OK bit of a rant here. I am not even sure if anyone can give any advice but I am so exhausted
of my toddler being on me and talking constantly and expecting an enthusiastic response from me
all the time.
I know I sound like such a mean mummy but some days I just want 5 minutes to check my email
or prepare lunch without having to have him climbing on me, asking what I am doing, telling me
he loves me and hugging my legs when I am walking.
I feel so horrid just thinking about him this way because he is so sensitive and loving but he just
exhausts every drop of energy from me every single day.
He is very emotional and just very very clingy. He tells me he loves me a million times a day which
is lovely but I sometimes worry he is just so emotionally dependant on me that he will never cope
at school next year.
He seems very easily hurt. If I am firm with him and say no his eyes fill with tears, it's not even
loud tantrumming tears, it's genuine silent tearful eyes cos he seems to take it as rejection so he
then asks 'don't you love me?' which is heart breaking. He is way too young to be even thinking that way surely.
I feel like I am constantly ressuring him that I love him, will always love him and always be there for him.
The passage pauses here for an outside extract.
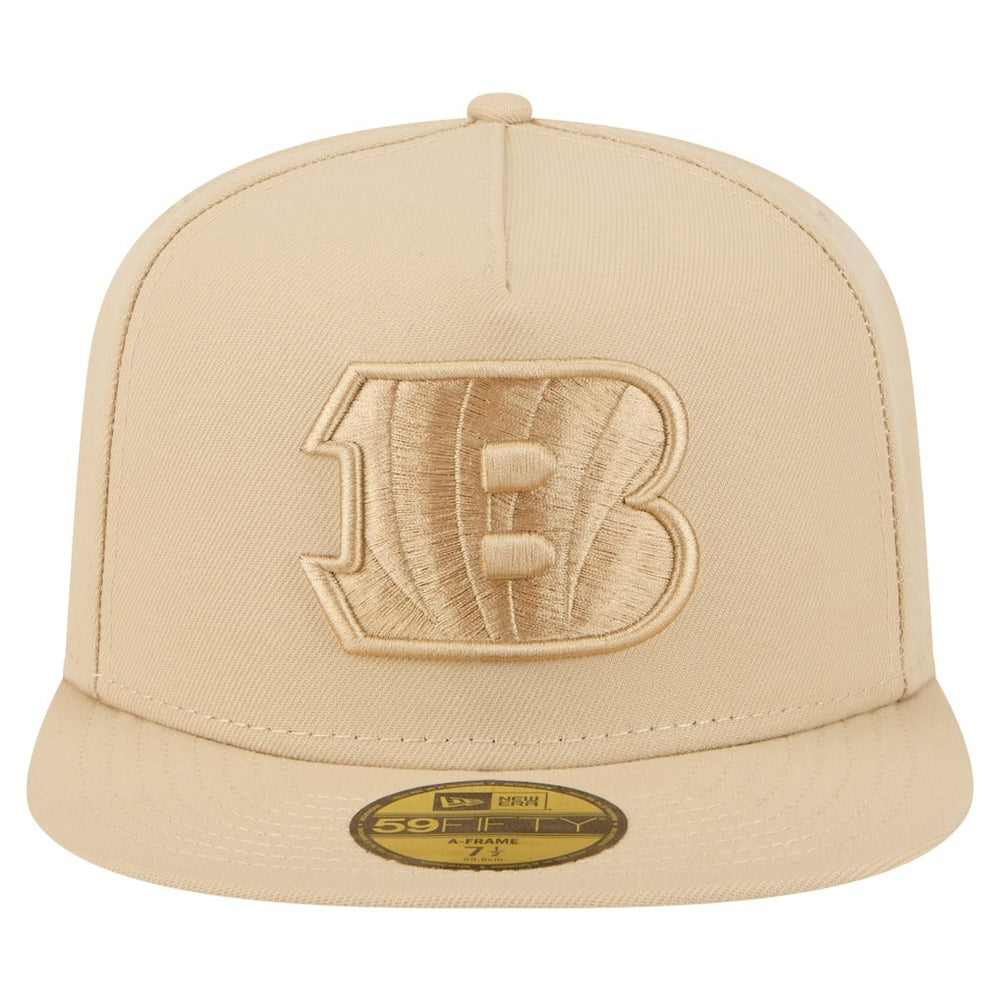 Cincinnati Bengals New Era Color Pack A-Frame 59FIFTY Fitted Hat Light Beige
Please tell me this is normal! I can not ever watch 5 mins of tv, have a phone conversation,
clean the house as he will climb on me and demand a cuddle or ask me repeatedly to play with him etc.
I try to involve him in what I am doing, getting his little hoover out when I am hoovering,
but no he wants to help me push the big vaccuum cleaner around. He basically can not occupy
himself for 5 minutes, even when I get toys out and show him how to play, ask him to make me
something with play dough etc, he needs me to sit with him at all times or else he just follows me
about asking for my attenion.
The only time he can actually do anything alone is if I put cbeebies website games on for him
while I mop the floor or quickly do the ironing.
It's impossible to go to the toilet without him! He's always been like it but God I really hoped he'd
be growing out of it by now. I should say in some ways he is very independant, fully potty trained,
hates to be called a baby, feeds himself well. Good verbal shills. Sleeps in his own room. Just very tiring all day.